## ACTIVITY
Select all lines holding the word "Clear" from the entries that follow.

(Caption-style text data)
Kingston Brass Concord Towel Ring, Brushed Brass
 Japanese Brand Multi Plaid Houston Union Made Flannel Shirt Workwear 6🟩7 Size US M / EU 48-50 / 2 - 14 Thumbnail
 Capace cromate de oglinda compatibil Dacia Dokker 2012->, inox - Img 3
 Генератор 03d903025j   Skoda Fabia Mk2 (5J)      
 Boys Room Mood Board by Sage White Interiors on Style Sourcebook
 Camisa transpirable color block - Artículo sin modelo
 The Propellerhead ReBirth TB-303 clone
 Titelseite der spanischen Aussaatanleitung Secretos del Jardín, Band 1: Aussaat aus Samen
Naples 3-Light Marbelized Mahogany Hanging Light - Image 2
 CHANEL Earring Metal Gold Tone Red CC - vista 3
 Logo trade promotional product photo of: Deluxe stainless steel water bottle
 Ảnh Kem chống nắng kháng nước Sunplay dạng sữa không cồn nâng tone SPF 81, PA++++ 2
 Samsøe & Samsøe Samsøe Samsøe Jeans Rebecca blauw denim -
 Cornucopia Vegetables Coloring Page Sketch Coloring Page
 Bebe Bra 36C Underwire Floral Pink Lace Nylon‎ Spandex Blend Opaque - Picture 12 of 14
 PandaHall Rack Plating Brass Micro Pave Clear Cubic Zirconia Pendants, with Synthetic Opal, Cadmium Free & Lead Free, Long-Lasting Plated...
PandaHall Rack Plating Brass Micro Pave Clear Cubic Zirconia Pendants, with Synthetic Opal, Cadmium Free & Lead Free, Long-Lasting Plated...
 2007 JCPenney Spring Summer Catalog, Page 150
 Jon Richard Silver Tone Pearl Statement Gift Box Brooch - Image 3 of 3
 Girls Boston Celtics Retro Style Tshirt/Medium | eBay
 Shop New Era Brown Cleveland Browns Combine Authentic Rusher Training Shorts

## TASK RESPONSE
 PandaHall Rack Plating Brass Micro Pave Clear Cubic Zirconia Pendants, with Synthetic Opal, Cadmium Free & Lead Free, Long-Lasting Plated...
PandaHall Rack Plating Brass Micro Pave Clear Cubic Zirconia Pendants, with Synthetic Opal, Cadmium Free & Lead Free, Long-Lasting Plated...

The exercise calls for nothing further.